One of the windows displayed in the former cloisters


The church also has a beautiful pipe organ, like so many churches in Paris. Unfortunately most organ recitals take place on a Sunday or Saturday, not on a weekday, so I missed out on that. Maurice Durufle was one of the famous organists here. The organ was built in 1631 and is the oldest pipe organ in Paris and still in its original state.

The Pantheon next to the church on the same hill was open this time! I had never been in, so this was the first time I could see the Foucault Pendulum and the tombs of famous Frenchmen in the crypt, among them those of Marie and Pierre Curie, of Voltaire, Corneille and many others. The Pantheon doesn't seem to be on a human scale, it is so vast, high and grand. The pillars outside alone seem too big for me, I felt like Gulliver among the giants.

Although the working of the Pendulum seems to be simple, I did not get the gist of it. And I promised myself to read Umberto Eco's book, which judging by its title, must be all about the pendulum.
The view from the steps outside is fantastic, with the Eiffel Tower in the distance.

Not on a human scale
Next stop was a "papeterie", a joy for me. There are several stationary shops in this student quarter, and they sell the most desirable fountain pens, blank books, special pencils and what not. I could not resist the temptation.
My greed satisfied by a very colourful and unique fountain pen, made in France and not in some distant Asian country, I walked to the Jardin du Luxembourg. It was lovely, and the place was full of people: Locals reading books, tourists, young mums and nannies with small children sailing their boats in the pond.

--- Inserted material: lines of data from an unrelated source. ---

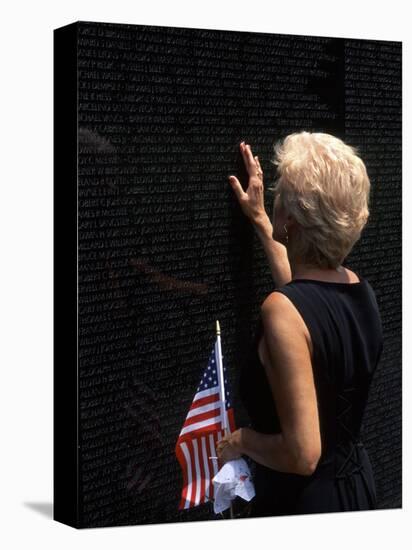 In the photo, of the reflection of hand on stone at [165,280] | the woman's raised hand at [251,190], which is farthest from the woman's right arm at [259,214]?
the reflection of hand on stone at [165,280]

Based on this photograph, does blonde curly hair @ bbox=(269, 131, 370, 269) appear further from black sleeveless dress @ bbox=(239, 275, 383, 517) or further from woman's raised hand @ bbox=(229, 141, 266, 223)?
woman's raised hand @ bbox=(229, 141, 266, 223)

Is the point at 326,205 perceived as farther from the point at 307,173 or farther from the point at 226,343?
the point at 226,343

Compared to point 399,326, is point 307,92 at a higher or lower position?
higher

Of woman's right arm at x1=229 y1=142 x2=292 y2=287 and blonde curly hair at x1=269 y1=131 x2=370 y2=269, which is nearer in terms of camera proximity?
blonde curly hair at x1=269 y1=131 x2=370 y2=269

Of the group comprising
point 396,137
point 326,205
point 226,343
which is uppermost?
point 396,137

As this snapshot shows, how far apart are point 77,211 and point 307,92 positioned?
1.77 metres

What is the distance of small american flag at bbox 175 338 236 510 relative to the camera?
24.3ft

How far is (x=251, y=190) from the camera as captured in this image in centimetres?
764

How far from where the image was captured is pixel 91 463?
7066 mm

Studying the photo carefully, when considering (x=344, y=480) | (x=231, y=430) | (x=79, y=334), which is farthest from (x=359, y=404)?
(x=79, y=334)

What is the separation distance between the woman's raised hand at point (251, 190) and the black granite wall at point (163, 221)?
56 millimetres

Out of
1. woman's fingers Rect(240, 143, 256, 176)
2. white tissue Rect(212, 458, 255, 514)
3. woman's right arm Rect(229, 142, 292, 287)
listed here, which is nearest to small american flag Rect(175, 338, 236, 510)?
white tissue Rect(212, 458, 255, 514)

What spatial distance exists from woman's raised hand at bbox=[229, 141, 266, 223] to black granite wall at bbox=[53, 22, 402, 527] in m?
0.06

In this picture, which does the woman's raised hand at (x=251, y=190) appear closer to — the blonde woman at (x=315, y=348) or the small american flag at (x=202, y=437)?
the blonde woman at (x=315, y=348)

Old couples sitting on the chairs in the shade of the trees or of one of the many statues, enjoying this beautiful day.



Time was getting on, so after a short rest I walked to the St. Sulpice, a gloomy cavernous church in my opinion, but with the most amazing pipe organ. On Sunday there would be an organ recital by Daniel Roth. I am envious of an organist friend of mine who will be there on Sunday and may also be allowed to see the console, and perhaps even play the organ. I once went to a organ recital here, and the sound of this big instrument sent shivers down my spine. It was a romantic French programme, perfectly fit for this instrument. The sound filled the building and resonated. It was an unbelievable experience, which I won't easily forget.
Then a walk through St. Germain des Pres and around the church there, through the narrow streets with small but interesting shops, and on to the Rue de Buci with its colourful street market and its lively shops and small cafes and restaurants. From the well-know "Paul" I watched life passing by, locals and tourists, easily recognisable as such, while enjoying a pot of tea and a "tarte de framboises", the most delicious sweet I had had so far.
Alas, it was time to go back to the hotel to pick up my small case, make my way to the Gare du Nord and buy some food for the train journey back to Holland. My feet hurt, but it had been a very interesting visit which I thoroughly enjoyed.


Au Revoir Place de la Bastille


1 comment:

  1. Wonderful, wonderful...Paris is an incredible city. You've visited places we've not been to yet and that's great. I could easily spend a year there exploring the intricacies of the city, its cultural wealth and long history.

    Thanks for the pics, memories and almost smells of the city I enjoy the most.